Prozess

Entführungsopfer „voller Adrenalin“

Polizisten sagen im Maskenmann-Prozess aus – und lassen wieder Fragen offen

Ein Kriminalpolizist aus Frankfurt (Oder) hat im sogenannten „Maskenmann-Prozess“ massive Kritik an den Ermittlungen und der Arbeit seines Vorgesetzten geübt. Der 57 Jahre alte Kriminaloberkommissar Lutz B. gab zu Protokoll, dass es ein regelrechtes Verbot gegeben habe, den Zeugen Stefan T. weiter zu vernehmen. So habe er am 8. Oktober 2012 nach einer Vernehmung des Stefan T. seine Gedanken schriftlich niederlegen wollen. Darunter auch die für ihn alarmierende Feststellung, dass der 53-jährige Stefan T. nach der mehr als 30-stündigen Entführung und seiner „Flucht durchs Unterholz keinerlei Verletzungen aufwies“. Sein Vorgesetzter sei damals in sein Dienstzimmer gekommen und habe gesagt, diese Aufzeichnungen seien nicht nötig. Lutz B., der vor Gericht bei Nachfragen wenig überzeugend wirkte, hatte im August 2013 gegen Vorgesetzte mehrere Strafanzeigen gestellt – darunter wegen Rechtsbeugung und Mobbing.

Mit dem Angeklagten Mario K. selbst scheint das alles kaum noch etwas zu tun zu haben.
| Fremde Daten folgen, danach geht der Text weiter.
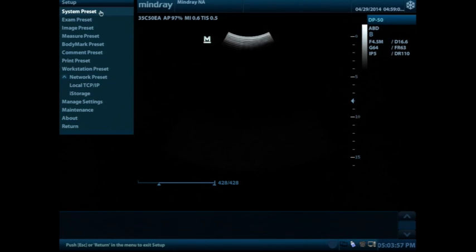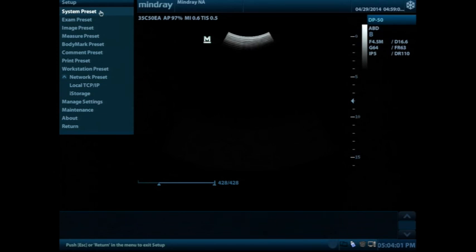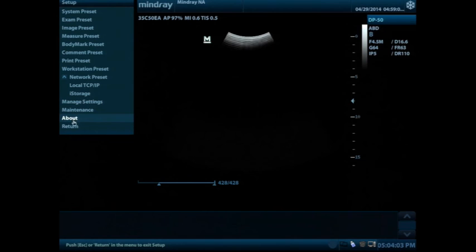When you're done in the setup, you want to go ahead and hit the escape button up here in the top corner or you can scroll down to the bottom of the setup list and press the set button on return.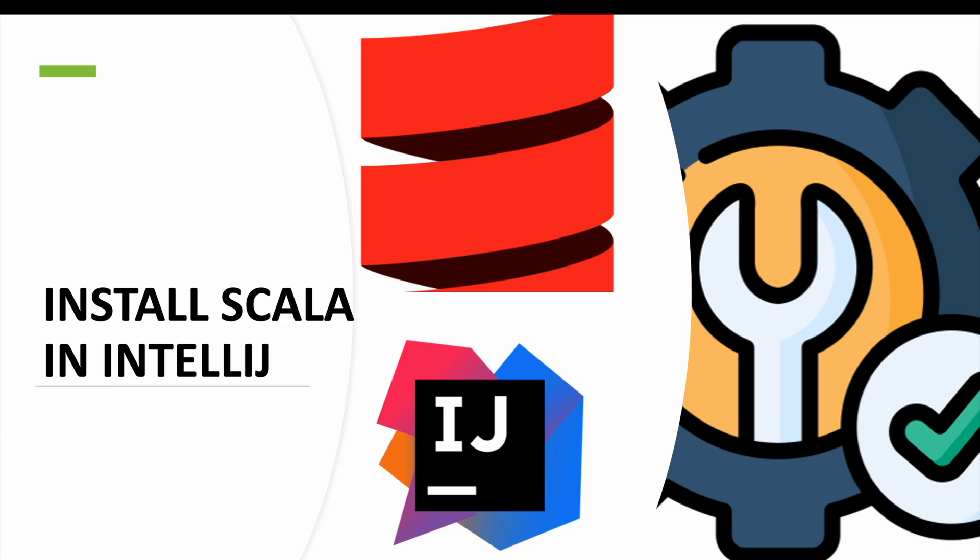First, you need to open IntelliJ. If you don't have IntelliJ installed in your macOS machine, you need to install IntelliJ first. For that, I have created a separate video where you can see how to install IntelliJ in macOS.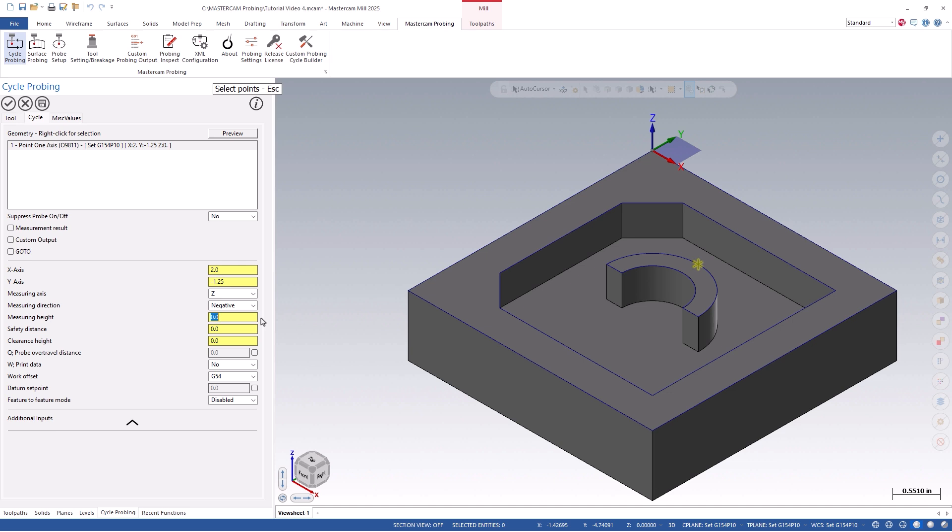I will keep mine to zero, as this is where the existing work offset on the machine is currently set. I will then set my safety distance to point two five zero, as this will be the height in which the probe will stand off of the surface and begin its probing cycle.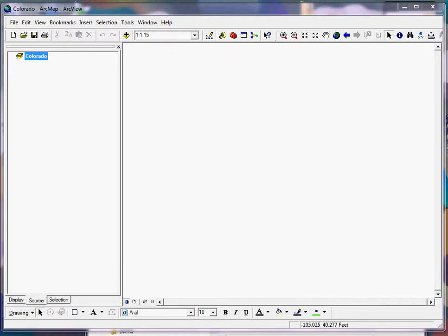Alright, in this example I'm just going to walk through some of the things that you have to do for your midterm project, and I'm using the Boulder County example as we did in class.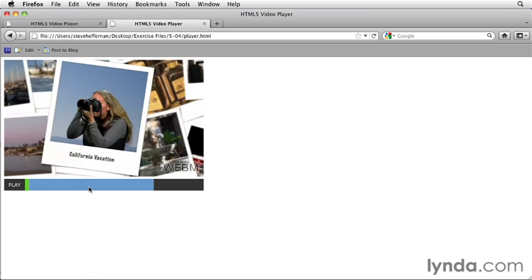Now it didn't start loading automatically because we have preload none on our video tag. So it knew not to start preloading it. But as soon as we played, it started loading the video. And since the video is local, it just jumped right to the end.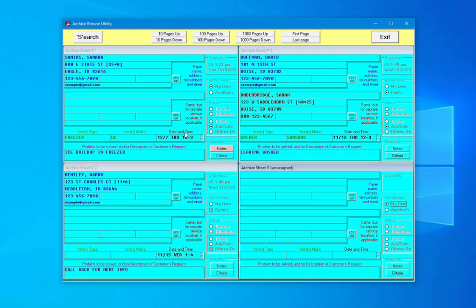Since there's likely to be large quantities of call sheets archived over time, there's additional controls at the top to navigate and search them efficiently.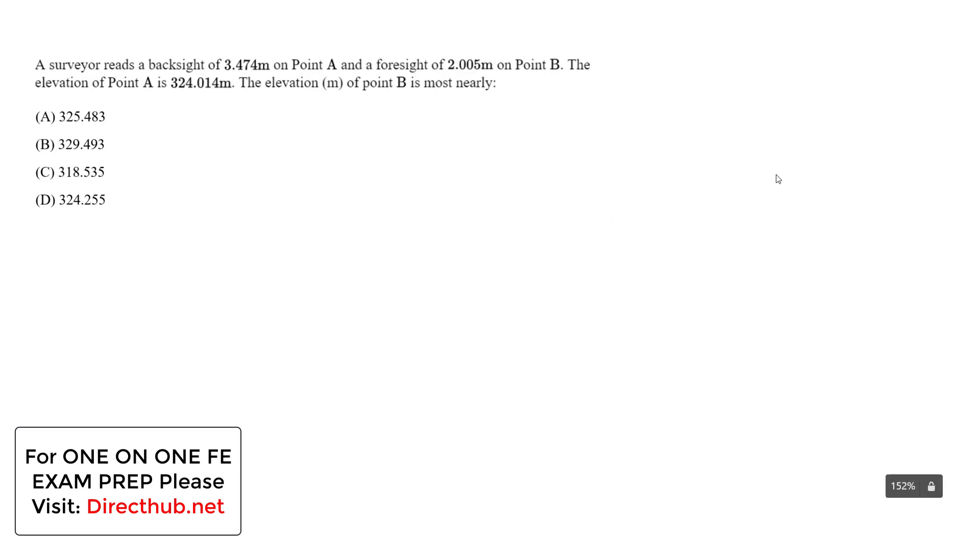Okay, welcome back. Today I want to do a surveying FE type question, and we're looking at leveling in this specific example.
Der 46-Jährige ist angeklagt, im August und Oktober 2011 Anschläge auf die Ehefrau und die Tochter eines Berliner Unternehmers verübt zu haben. Vorgeworfen wird ihm zudem die Entführung des Berliner Chefs einer Investmentfirma, Stefan T., am 5. Oktober 2012 aus dessen Ferienhaus in Storkow. Weil der Täter nach Zeugenaussagen eine Imkermaske trug, bekam er in der Presse den Namen „Maskenmann“.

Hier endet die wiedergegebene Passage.